To address the challenge of treating critical sized intercalary defects, we hypothesized that under physiologic cyclic loading, autografts, allografts, and scaffolds loaded with and without human mesenchymal stem cells (hMSCs) would have different biomechanical characteristics.
Using a rat femoral defect model, 46 rats were assigned to four groups, ie, autograft (n = 12), allograft (n = 10), scaffold (n = 13), and scaffold with hMSCs (n = 11). The scaffold groups used a 5 mm segment of scaffold composed of 80% poly-ε-caprolactone and 20% hydroxyapatite. Rats were sacrificed 4 months postoperatively, and the repairs were assessed radiographically and biomechanically.

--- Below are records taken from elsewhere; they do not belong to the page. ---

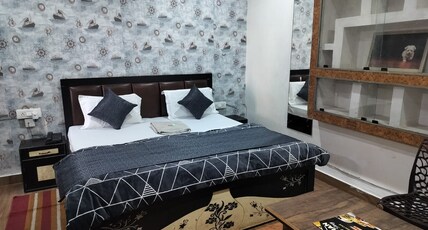 Radha Homestay Room Type - king room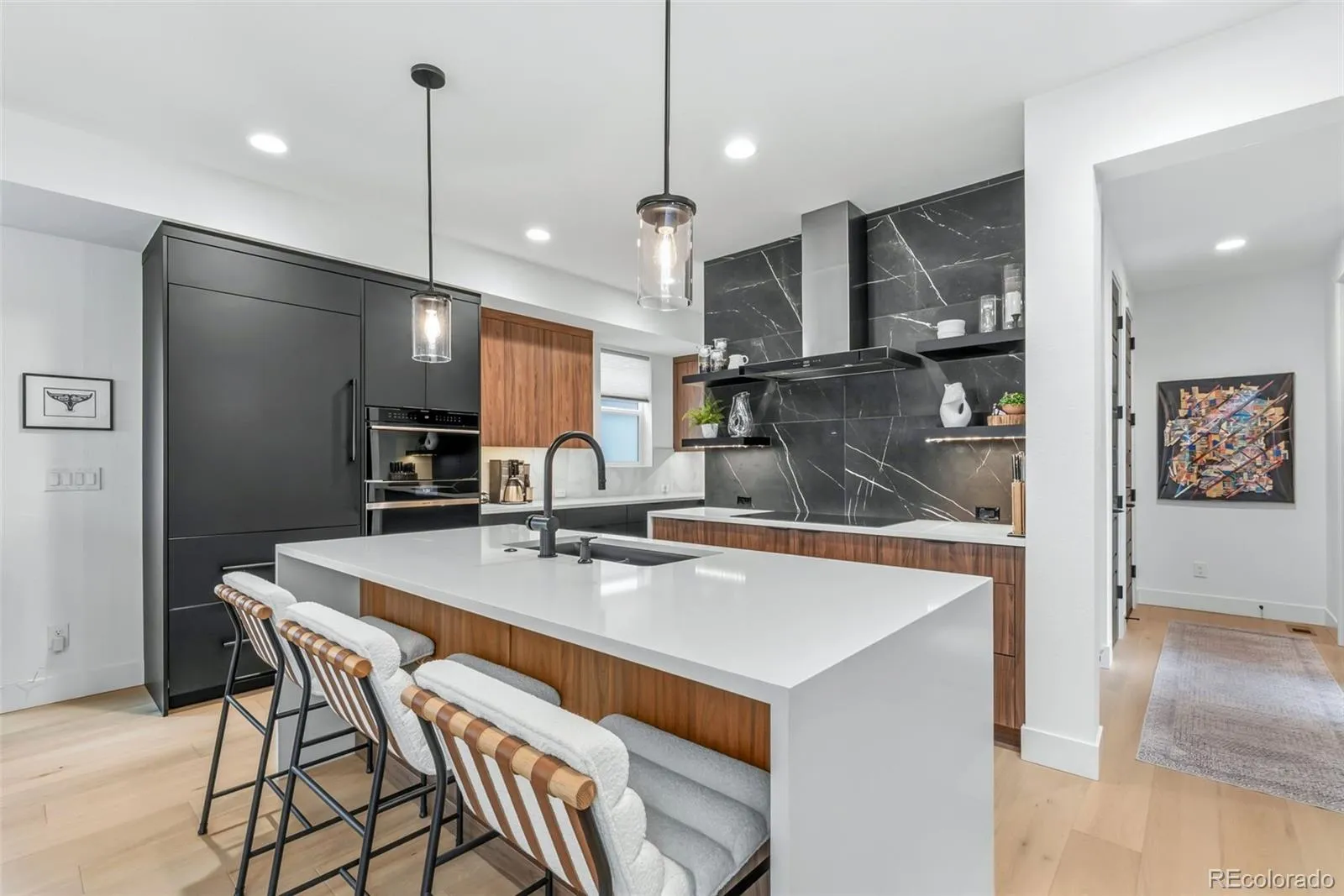 6306 N Elmira Court Denver CO 80238 | MLS #REC7074331 05122026135116 1600 8
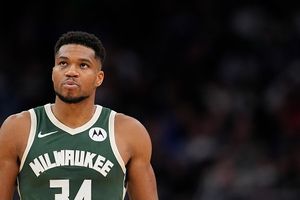 Is Giannis Antetokounmpo playing tonight vs Raptors? LATEST update on Bucks' superstar SportsTak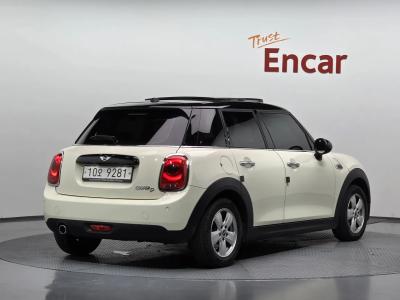2017 MINI Cooper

Autograft and allograft groups exhibited the most bridging callus, while the scaffold/hMSCs group had more callus than the scaffold repairs. Although signs of radiographic healing did not accurately reflect restoration of mechanical properties, addition of hMSCs on the scaffold enhanced bone formation. The scaffold alone group had significantly lower elastic and viscous stiffness and higher phase angles than other repairs and the contralateral controls. Addition of hMSCs increased the elastic and viscous stiffness of the repair, while decreasing the phase angle.
Further comparative analysis is needed to optimize clinical use of scaffolds and hMSCs for critical sized defect repairs. However, our results suggest that addition of hMSCs to scaffolds enhances mechanical simulation of native host bone.